HDK İstanbul İl Meclis toplantısı Afrin saldırısının sonraki gününde yapıldı. HDK Meclisinin gündemi Afrin saldırısı idi. Gündemler tartışılırken Okmeydanı HDK delegesi ayağa kalktı ve Okmeydanı’nda dün akşam saatlerinde sola birlikte eylem yapma çağrısında bulunduk, kimseyi bulamadık. KöZ’ün çalışma yürüttüğü kitle örgütüne gittik, bulamadık, KöZ bölünmüş, bölünenler de bölünmüş, kalanlar kooperatifçi olmuş. Ortada KöZ kalmamış ne olduğu belli olmayan bir grup kalmış gibi bir açıklama yaptı. Solun durumu bu şekilde diye bitirdi sözlerini.

Biz Köz’ün arkasında duran komünistler olarak oradaydık ve biz de söz aldık:  “Mayısta Yaşam’da çalışma yürüten bir komünist olarak söz alma ihtiyacı duyduk. KöZ’ün arkasında duran bir komünist olarak söz alıyoruz. KöZ bölünmedi, içerisinden bir grup hizip çıktı. Konspiratif şekilde örgüt bozgunculuğu yapan ve siyasi iddiası dahi olmayan bir hizip çıktı. Devrimcilerin dün olduğu gibi hizipçilere karşı nasıl tutum alması gerektiğini biliyoruz. Bu bizim sır gibi sakladığımız bir konu değil, birçok siyasete de gittik. Sol içerisinde hizip konusunun saklanması değil teşhir edilmesi gerekir.” dedik.

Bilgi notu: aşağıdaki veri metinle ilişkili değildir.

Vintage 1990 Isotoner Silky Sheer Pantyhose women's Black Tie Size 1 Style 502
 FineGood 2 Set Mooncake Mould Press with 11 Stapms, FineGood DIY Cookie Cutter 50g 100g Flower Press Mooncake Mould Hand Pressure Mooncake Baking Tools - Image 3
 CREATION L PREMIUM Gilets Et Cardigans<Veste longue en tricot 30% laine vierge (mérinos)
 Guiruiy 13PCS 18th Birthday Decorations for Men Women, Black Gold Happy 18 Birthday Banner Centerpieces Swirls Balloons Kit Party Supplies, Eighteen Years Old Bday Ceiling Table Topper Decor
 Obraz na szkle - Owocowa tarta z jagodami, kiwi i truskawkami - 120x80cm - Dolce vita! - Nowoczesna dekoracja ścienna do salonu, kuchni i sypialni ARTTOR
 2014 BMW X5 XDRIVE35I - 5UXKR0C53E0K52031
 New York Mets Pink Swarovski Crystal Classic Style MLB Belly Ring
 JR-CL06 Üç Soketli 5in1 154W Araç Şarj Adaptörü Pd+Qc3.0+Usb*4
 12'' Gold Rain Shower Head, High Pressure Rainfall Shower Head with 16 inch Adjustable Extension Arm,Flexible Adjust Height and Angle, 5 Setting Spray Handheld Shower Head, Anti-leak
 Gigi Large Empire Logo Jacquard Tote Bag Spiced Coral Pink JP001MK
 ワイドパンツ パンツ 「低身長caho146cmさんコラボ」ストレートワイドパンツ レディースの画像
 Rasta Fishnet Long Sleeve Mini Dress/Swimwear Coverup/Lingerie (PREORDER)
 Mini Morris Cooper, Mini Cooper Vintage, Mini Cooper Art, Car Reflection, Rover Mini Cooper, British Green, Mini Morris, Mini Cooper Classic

Daha sonrasında ise bu cevabın eksik olduğu değerlendirmesi yaptık. Çünkü bu konuşma bize özel değildi. Solun perişan, dağınık haline dair bir değerlendirme KöZ örnek gösterilerek yapıldı. Bu konuya dair konuşmaya ek olarak verilmesi gereken cevap ise: “Uzun zamandır 12 Eylül rejiminin çatladığını, bir rejim krizi olduğunu söylüyoruz. Bu durum 7 Haziran seçimleri sonrasında hız kazanırken sol ise büyük parçası HDP içinde olarak bu duruma cevap verememiş. Sokağa çıkmaya, patlamaya hazır kitleleri evlerine göndermiştir. Amed, Suruç, Ankara bu durumların örneğidir. Provokasyonlara gelmeyin, çağrılarıyla evlerine izleyici olarak gönderdiğimiz kitle bugün sokağa çıkmıyor. Kaygı verici sessizliğin sorumluları onları evlerine gönderen, Kobanê serhildanlarını boğduran oportünist odaklardır. Çünkü ayaklanmaların sorumluluğunu alamayacaklarını bildikleri için evlerine göndermiştir. Çünkü ayaklanmaları devrime götürecek olan öznemiz komünist bir parti yoktur. Peki böyle bir parti yokken, biz de komünist bir parti değilken neden biz örnek gösteriliyoruz. Bunun nedeni ise Ekim Devrimi gibi bir devrimi ancak komünist bir parti yapar dediğimiz için, uzun zamandır solun durumunu, AKP’nin rejim krizi tespitini yaptığımız ve bir kabarmanın olacağını öngördüğümüz için örnek gösteriliyoruz. Bugün hala yapılması gereken savaş karşıtı bir tutum almak yerine AKP’ye karşı kitlesel bir seferberlik örmek gerekir.” demek gerekirdi.

Afrin saldırısına karşılık bir basın açıklaması çağrısının bile Barış Blokuna bırakıldığı hiçbir siyaset, asıl düşman kendi yurdunda diyememiştir. Sol kendi darmadağınık görüntüsüne, parti öncesi siyaset yaptığını söyleyen Köz’ü örnek gösteriyor. Kendi dağınıklığına oportünist manevralarına örnek veriyor.